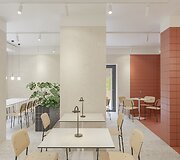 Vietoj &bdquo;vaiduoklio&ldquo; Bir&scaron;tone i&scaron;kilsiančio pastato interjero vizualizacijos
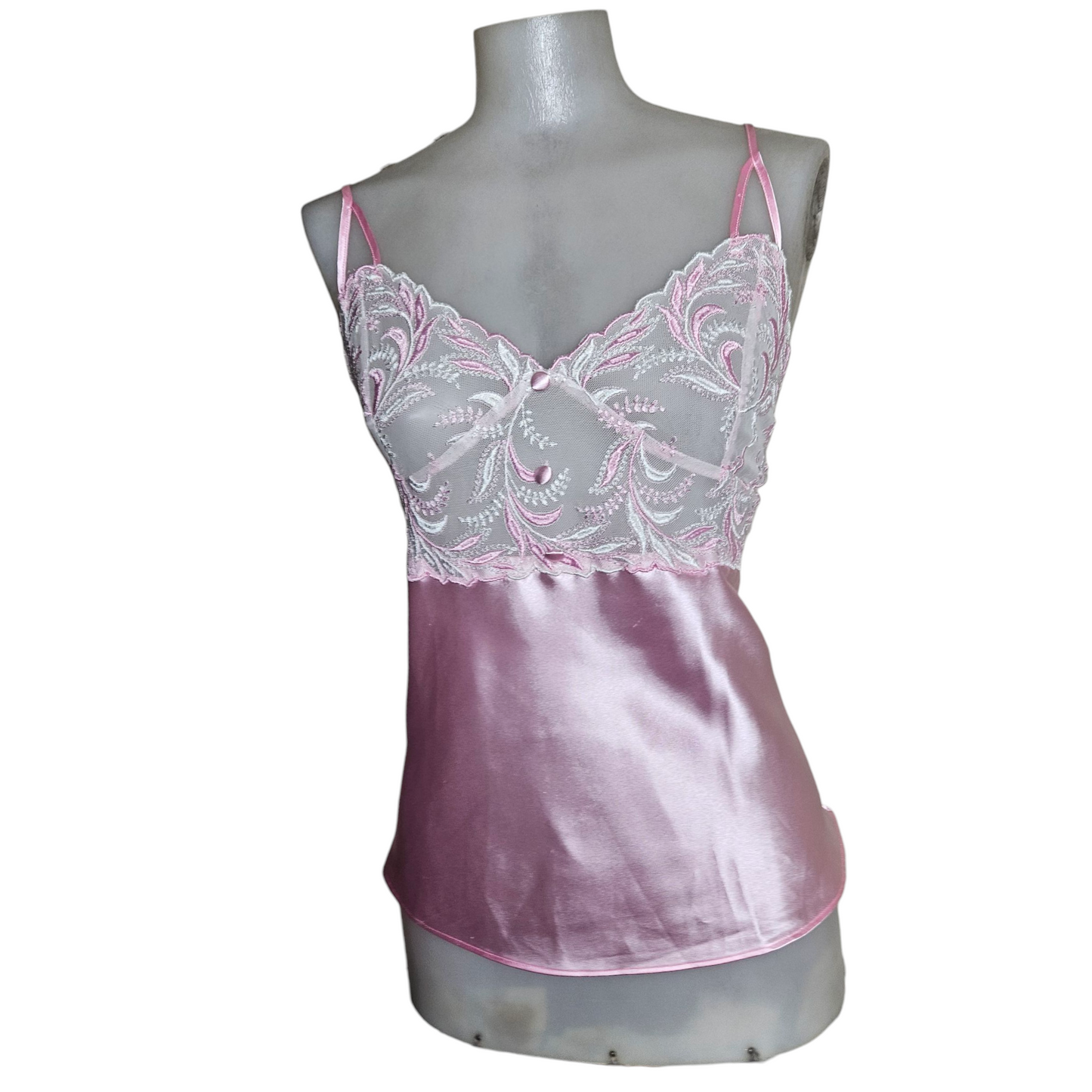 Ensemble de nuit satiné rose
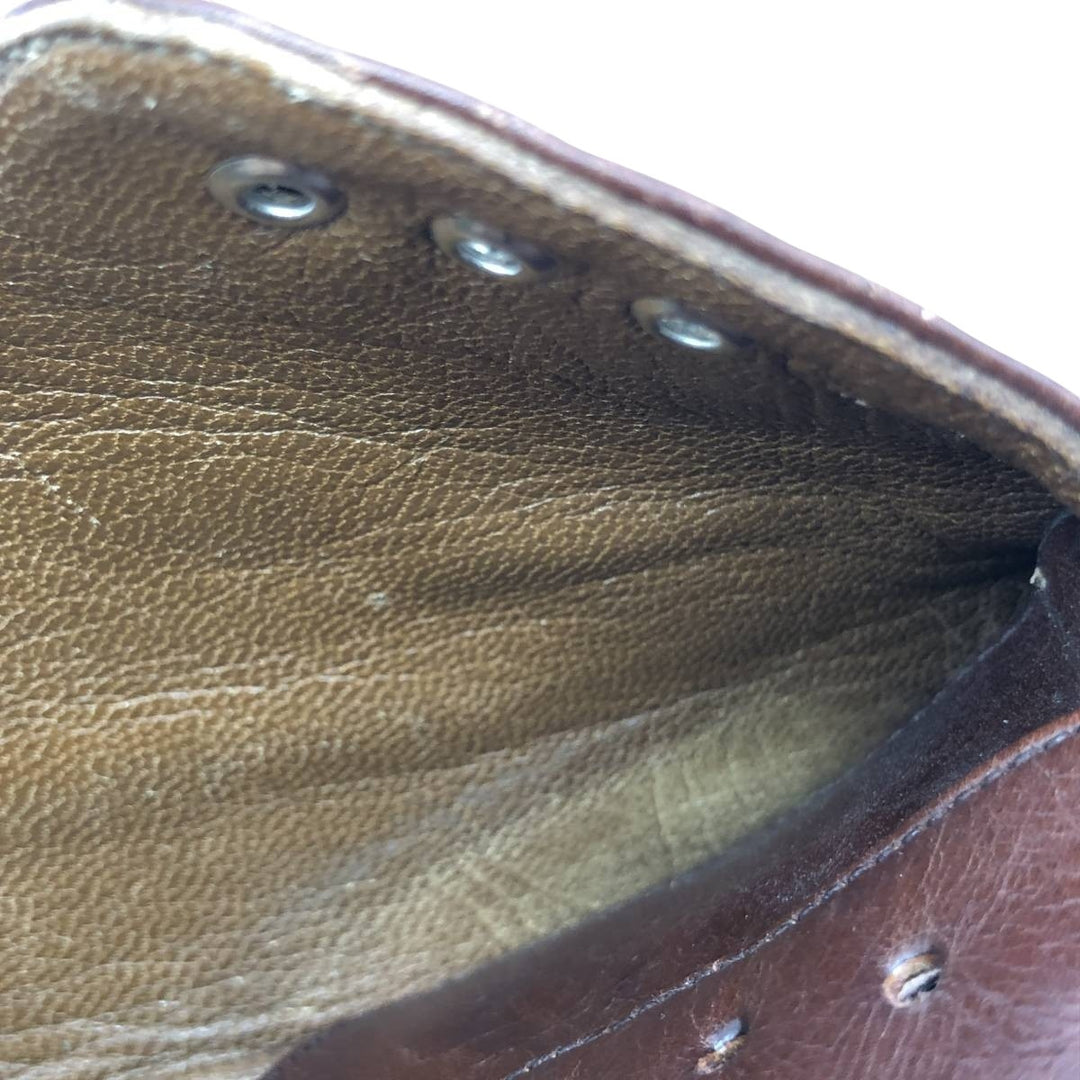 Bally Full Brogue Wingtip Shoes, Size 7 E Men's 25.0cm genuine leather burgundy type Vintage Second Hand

▶ Try it
From the line that contains "Ensemble de nuit satiné rose" to the end of the material above, output every line exactly, both ends included, but leave out any pictures.

▶ Response
 Ensemble de nuit satiné rose
 Bally Full Brogue Wingtip Shoes, Size 7 E Men's 25.0cm genuine leather burgundy type Vintage Second Hand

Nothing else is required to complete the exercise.